Give the lines again exactly as they appear, from the first line of the listing through the line containing "Leachco Snoogle Jr.", and omit every picture.
^^^^^^^^^^^^^^^^
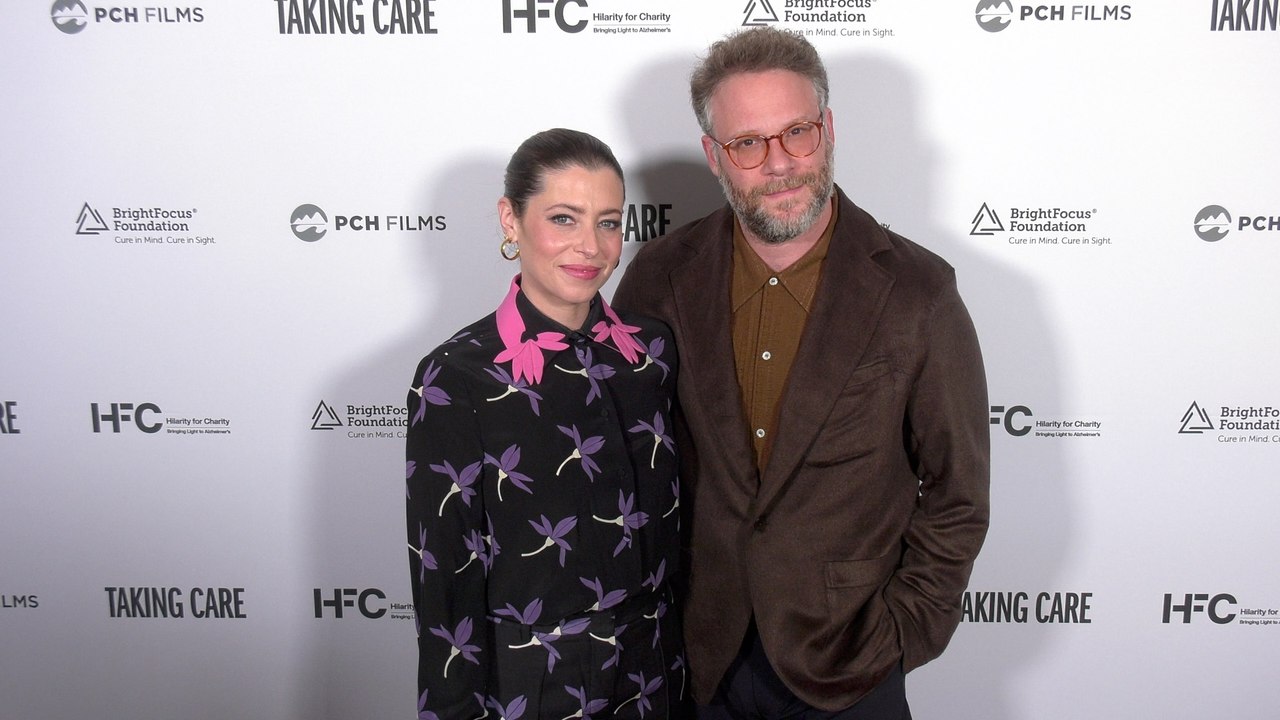 Lauren Miller Rogen and Seth Rogen "Taking Care" Los Angeles Premiere Red Carpet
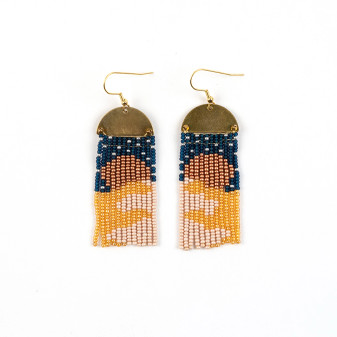 Earrings Beaded Glass Moonrise Gooden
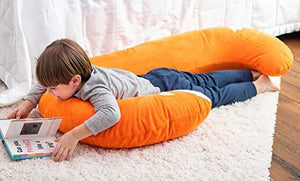 Leachco Snoogle Jr. - Luxuriously Soft Plush Fox with Zippered Removable Cover – The Snuggle, Cuddle, Animal Body Pillow for Kids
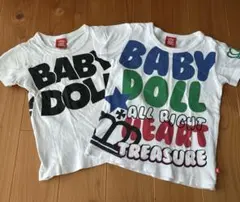 BABY DOLL Tシャツ 2枚セット　100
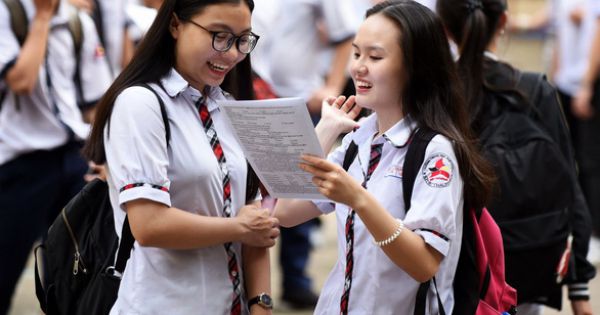 Công bố điểm thi THPT quốc gia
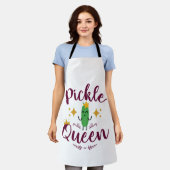 Pickle Queen Pickles Lover Girls Schürze (Getragen)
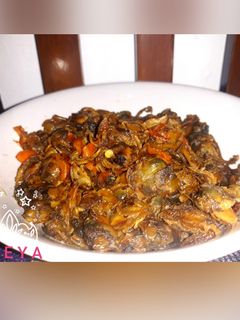Foto resep Oseng Kerang Mercon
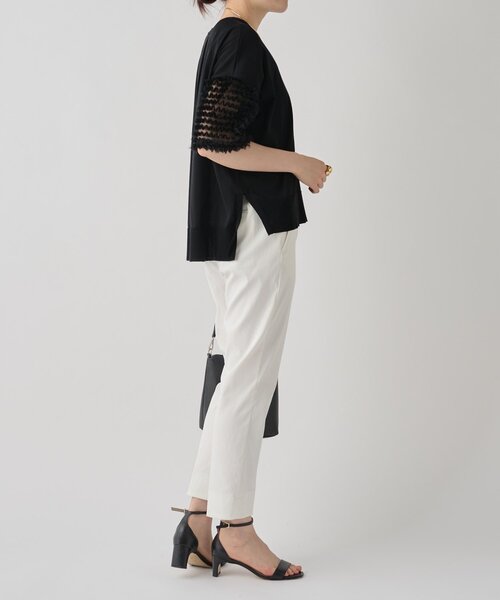 LIVETART(リヴェタート)の「袖フリルニット(ニット/セーター・レディース・ブラック・FREE)」の4枚目の写真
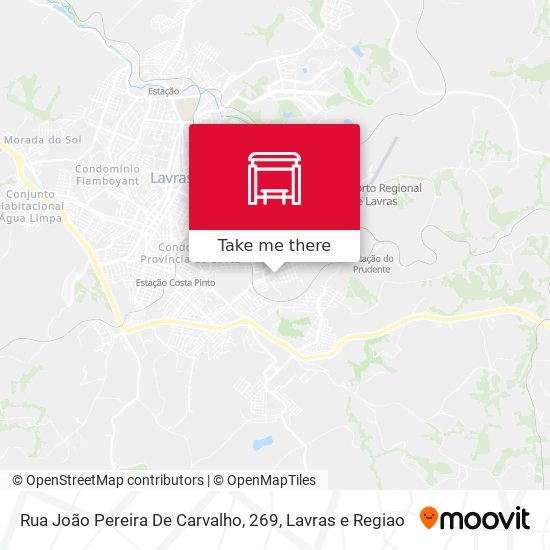 Rua João Pereira De Carvalho, 269 map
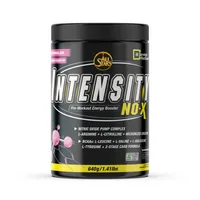 All Stars Pulver Intensity NO-x Booster Wassermelone 640 g - Produktionsland: Deutschland - Anwendungszweck: Energie - Kraft - Regeneration - Einnahme: Vor Aktivität - Während Aktivität - Nachhaltigkeit: Nicht angegeben - Gewicht pro Einheit: 640 g - Prod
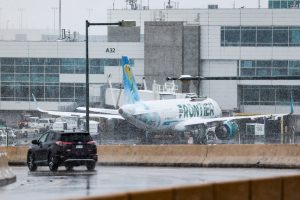 Frontier plane fatally strikes a person walking on runway at Denver International Airport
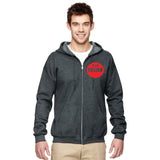 CUSTOM Hoodie Full Zip - One Colour Print (Two Logos) - 1-11 Peices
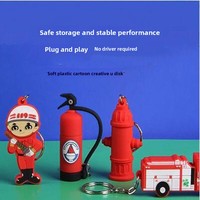 Clé USB en silicone de dessin animé haute vitesse, extincteur, 128 Mo-128 Go, protection incendie créative, clé USB mignonne, cadeau
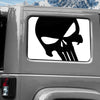 Jeep Wrangler JK (2007-2017) 4-Door Rear Window Wrap Custom Vinyl Decal Kit - PUNISHER SKULL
^^^^^^^^^^^^^^^^
— TASK OUTPUT —
 Lauren Miller Rogen and Seth Rogen "Taking Care" Los Angeles Premiere Red Carpet
 Earrings Beaded Glass Moonrise Gooden
 Leachco Snoogle Jr. - Luxuriously Soft Plush Fox with Zippered Removable Cover – The Snuggle, Cuddle, Animal Body Pillow for Kids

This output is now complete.